▸ Exercise aim
Each line of the data below from the one holding "Women's Tank Top" to the one holding "人字紋藍色 S 115斤內拍", inclusive, is to be reproduced exactly; no other line belongs in the answer.

▸ Data for review
☆ ☆ ☆ ☆
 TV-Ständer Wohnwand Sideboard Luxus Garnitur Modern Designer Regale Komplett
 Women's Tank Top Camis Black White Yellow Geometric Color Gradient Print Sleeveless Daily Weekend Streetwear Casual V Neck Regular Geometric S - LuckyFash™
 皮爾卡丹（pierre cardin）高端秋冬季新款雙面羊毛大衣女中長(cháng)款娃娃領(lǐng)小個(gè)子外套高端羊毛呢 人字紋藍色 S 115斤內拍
☆ ☆ ☆ ☆
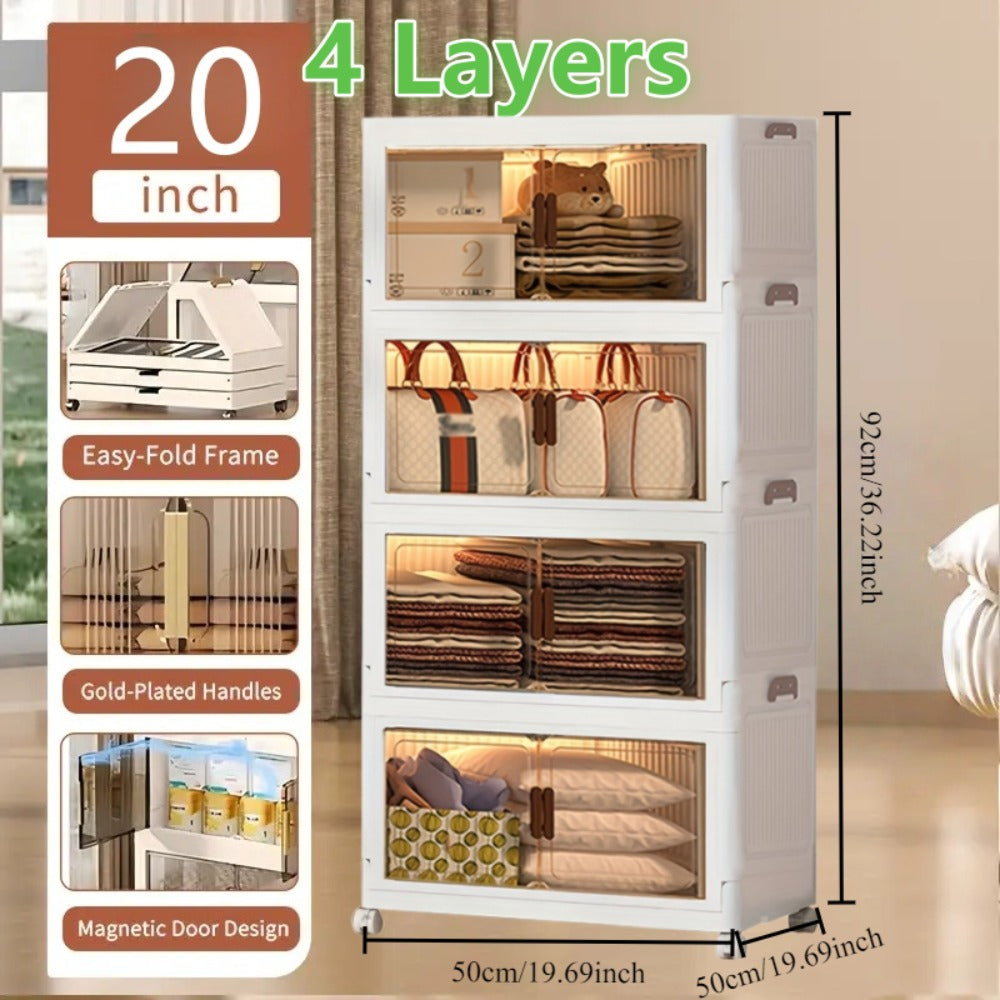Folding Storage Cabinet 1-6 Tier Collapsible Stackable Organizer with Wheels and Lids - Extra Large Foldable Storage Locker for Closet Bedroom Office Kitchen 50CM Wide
☆ ☆ ☆ ☆
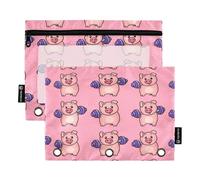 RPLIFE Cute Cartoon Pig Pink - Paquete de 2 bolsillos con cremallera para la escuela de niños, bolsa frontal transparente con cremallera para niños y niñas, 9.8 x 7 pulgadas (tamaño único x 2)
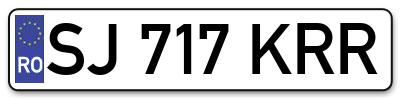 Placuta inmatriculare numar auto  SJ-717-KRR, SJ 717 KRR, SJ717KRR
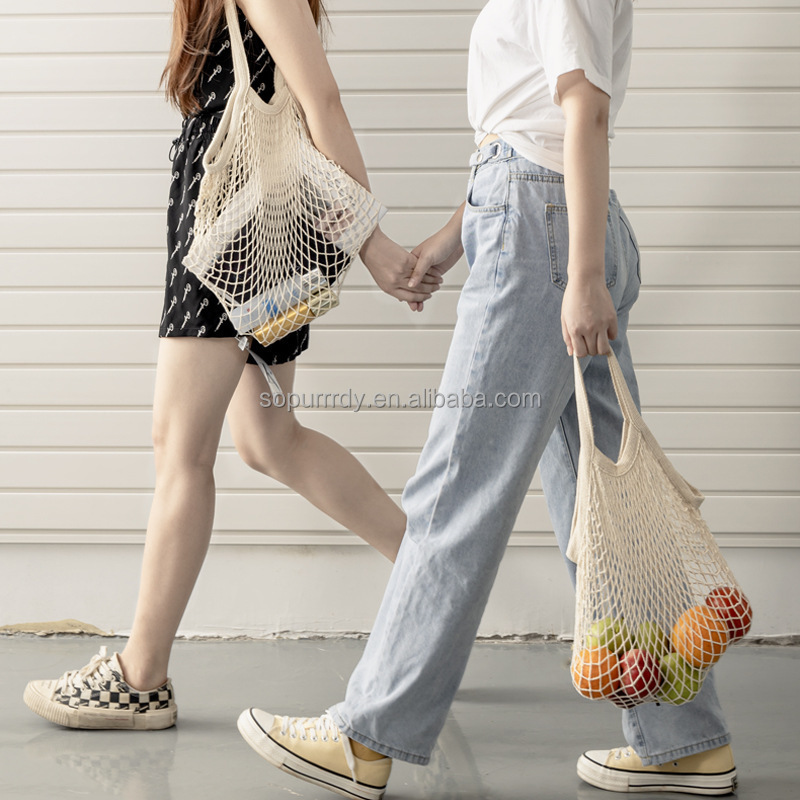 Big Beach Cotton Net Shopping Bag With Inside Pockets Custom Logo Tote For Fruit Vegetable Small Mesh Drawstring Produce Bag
☆ ☆ ☆ ☆
▸ Answer section
 Women's Tank Top Camis Black White Yellow Geometric Color Gradient Print Sleeveless Daily Weekend Streetwear Casual V Neck Regular Geometric S - LuckyFash™
 皮爾卡丹（pierre cardin）高端秋冬季新款雙面羊毛大衣女中長(cháng)款娃娃領(lǐng)小個(gè)子外套高端羊毛呢 人字紋藍色 S 115斤內拍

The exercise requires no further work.